Mankind is over. Enjoy the Silents

The killer quake comes on the 19th of this month and end of the world is scheduled for the 21st. These two films shown at The Aero Theatre in Santa Monica may well be the last silents ever screened in Los Angeles. Here’s your chance to make history this Thursday…or what’s left of it…

THE UNKNOWN, 1927, MGM Repertory, 63 min, Melodrama/Horror, USA. Armless circus performer Lon Chaney falls for stunning, scantily clad bareback rider Joan Crawford (who, conveniently, is pathologically terrified of mens hands) in this typically haunting Tod Browning melodrama. Burt Lancaster once praised Chaneys performance in this film as the most emotionally compelling work ever committed to celluloid.

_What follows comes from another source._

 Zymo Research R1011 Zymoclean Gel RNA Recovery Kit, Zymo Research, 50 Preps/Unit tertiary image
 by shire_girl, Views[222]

THE UNHOLY THREE, 1925, MGM Repertory, 86 min, Horror/Melodrama, USA. One of director Tod Brownings earliest evocations of death, perversity and deformity, this silent masterpiece follows a crime syndicate comprised of a dwarf, a strongman and a ventriloquist (as the latter, Lon Chaney dresses up as a woman in one of the many instances of transvestism in Brownings ouevre). Live musical accompaniment during both films.